The Chinese capital issued its first ever orange alert – the second most severe ranking out of four in a recently introduced pollution monitoring plan – on Thursday.
The move followed the detection of the particulate matter PM2.5 at a concentration of 237 micrograms per cubic metre – nine times the levels recommended as being safe by the World Health Organisation (WHO) – near Tiananmen Square.
Residents have been asked to use public transport where possible, while barbeques and fireworks have been prohibited. Roads will also be frequently sprayed and construction sites must attempt to control dust levels using sprinklers.
Despite this, the Chinese government has faced criticism over the use of the new four colour warning system.
Earlier this month, PM 2.5 levels exceeding 500 micrograms per cubic metre were detected in the capital, yet the authorities only issued the mildest, blue-level alert.
In January, the second-mildest yellow alert was issued when PM2.5 levels reached 671 – 26 times the WHO’s recommended level.
If the most severe red warning was issued, the authorities say they have emergency plans to pull half of all the 5m cars in the city off the road.

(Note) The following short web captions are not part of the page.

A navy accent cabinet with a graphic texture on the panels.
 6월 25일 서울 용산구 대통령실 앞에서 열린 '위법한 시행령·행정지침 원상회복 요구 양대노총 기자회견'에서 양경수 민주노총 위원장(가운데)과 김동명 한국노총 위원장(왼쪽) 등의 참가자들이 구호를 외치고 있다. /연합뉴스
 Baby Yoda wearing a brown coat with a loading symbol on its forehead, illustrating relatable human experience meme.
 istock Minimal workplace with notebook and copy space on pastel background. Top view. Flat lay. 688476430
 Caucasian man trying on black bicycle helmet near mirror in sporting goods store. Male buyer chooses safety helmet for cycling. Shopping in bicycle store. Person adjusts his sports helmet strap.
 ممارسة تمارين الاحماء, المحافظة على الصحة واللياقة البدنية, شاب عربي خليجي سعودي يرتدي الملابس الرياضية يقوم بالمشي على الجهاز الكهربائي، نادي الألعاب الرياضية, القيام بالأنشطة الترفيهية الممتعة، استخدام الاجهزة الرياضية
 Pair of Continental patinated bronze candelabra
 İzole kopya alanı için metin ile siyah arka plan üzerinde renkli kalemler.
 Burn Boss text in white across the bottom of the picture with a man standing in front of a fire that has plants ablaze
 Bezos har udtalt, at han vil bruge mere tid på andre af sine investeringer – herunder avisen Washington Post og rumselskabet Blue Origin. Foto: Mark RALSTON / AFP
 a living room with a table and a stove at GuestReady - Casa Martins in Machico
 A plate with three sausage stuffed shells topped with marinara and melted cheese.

However, observers have questioned if the government would be willing to cause such disruption.
“When the alert is at a low level, the measures are not effective, but those for the high-level alert are not feasible,” Ma Jun, of the non-governmental Institute of Public and Environmental Affairs in Beijing, told the Associated Press.
“The government is reluctant to raise the alert level.”
China’s former health minister Chen Zhu recently estimated that the country’s air pollution – the fourth biggest killer in Beijing – accounts for up to 500,000 premature deaths each year.
In response to the crisis, the government has set up a $1.65 billion (£990m) fund offering rewards to companies that clean up their operations. It has also embarked on the world’s largest ever renewable energy drive, with plans to double the number of wind turbines it uses to generate electricity over the next six years.
A WWF report published this week estimated that China could generate 80% of its electricity from renewable sources by 2050.